Biz annemle her şubat tatilinde kuzenlerime (Mine) yani İzmir Karşıyakaya gideriz. Bu Şubat tatilindede 10 günlüğüne oraya gittik. Bi de ananemler ninem annemin dier kız kardeşi fln İzmir'de yaşıo ondan annem sadece kuzimlerde diqil bazen onlardada kalıo geceleri ben ise Mine'lerde yani kuzimlerde kalmayı tercih ediorum. Bi de kuzimin annesi ve babası doktor ama ayrı hastanelerde çalışıolar. Herneyse İzmir'e gidişimizin 4. günü Cüneyt amca'nın (Kuzi'nin babası) hastanede nöbete kalması gerekiodu gece annem de o gün dier kız kardeşinde kalıcaktı ondan biz Aylin Teyzem (Kuzinin annesi) ben Mine kaldık işte o gün evde.

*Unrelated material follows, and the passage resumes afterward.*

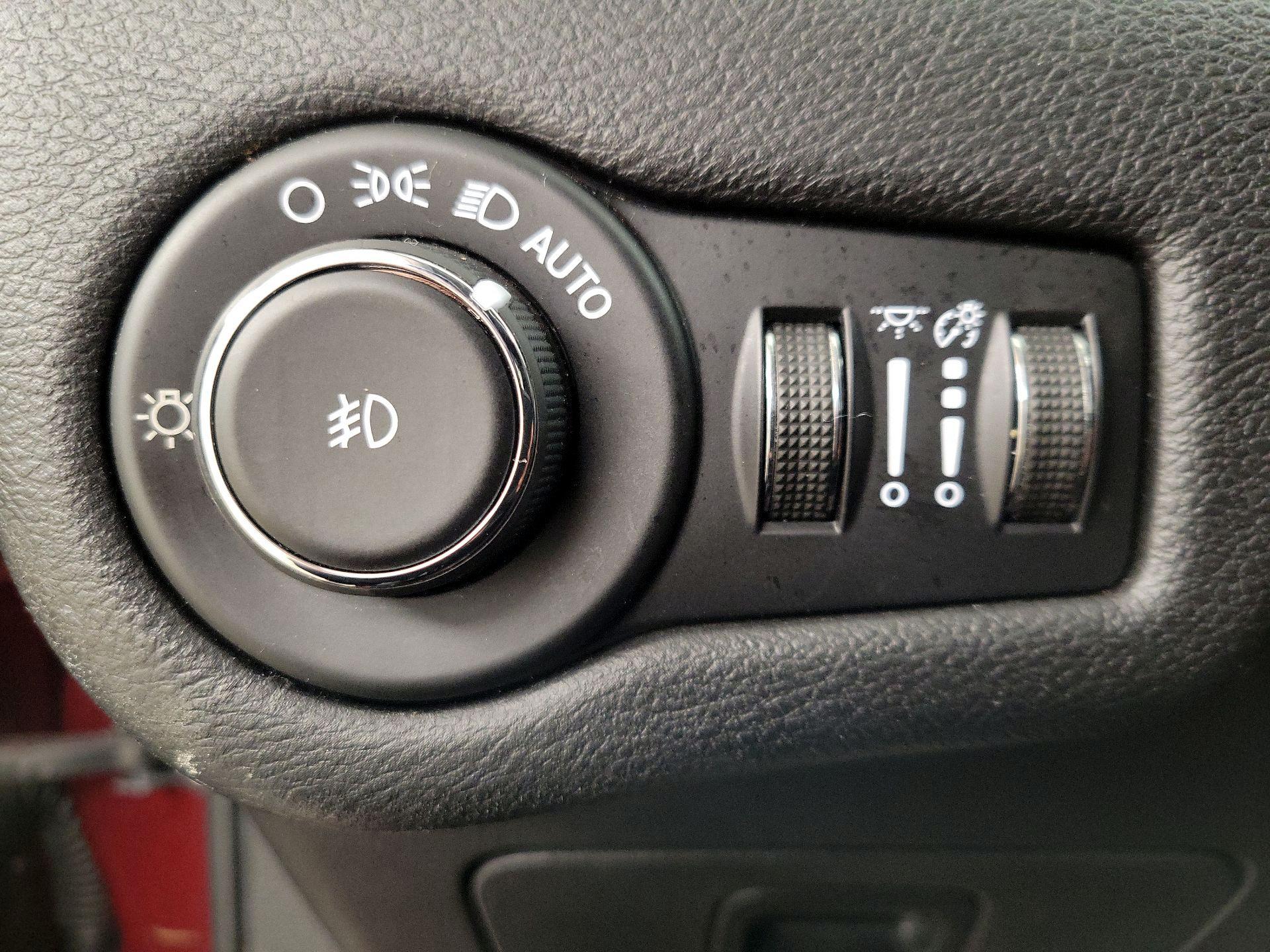 Thumbnail: 2020 Jeep Cherokee - 13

Saat 4 gibi annem gitti Cüneyt amca zaten eve hiç uğramadı Aylin Teyzede saat 5 buçuk gibi geldi eve sonra işte biz yemek yedik bi film koyduk onu izledik falan zaman geçirdik Tabu Uno fln oynadık saat 11'de Aylin teyze çok yorulduqunu söledi ve bize ii geceler fln dileyip odasına gitti. Biz de biraz daha tv izledik fln saat 1 gibi hala uykumuz gelmediqinden bi pijama paritisi yapmaya karar verdik güldük bayaa eqlendik fln bi ara hadi makyaj yapalım dedim kuzinin evinin holünde kocaman bi boy aynası var yanımıza bissürü makyaj malzemesi alıp holdeki bi rafa dizdik ben kendimi bi vampire benzetmek için ilk başta pudrayı aldım yüzüme sürmeye başladım bayağı bi sürdüm sonra pudrayı rafa koydum ama çok kenara koymuş olacaktım ki yere düştü tüm pudra yere döküldü. Ben hemen sordum paspas gibi bişi var mı die kuzi de bşvr yarın temizleriz dedi ben de tmm diince makyaja dvm ettik hiç pudraya dokunmadık üstüne basmamaya çalıştık ki etrafa yayılmasın die ztn nerdeyse tüm hole yayılmıştı. Makyajı bitirdikten sonra işte fotolarımızı çektik bissürü fln güldüq bayaa bi sonra yüzümüzü temizleyip duş alıp yattık (bu arada kuzinin yatağı iki kişilik olduqu için ikimiz brbr yatıoduk) saat 2 buçuk fln gibi dalmışım işte bn.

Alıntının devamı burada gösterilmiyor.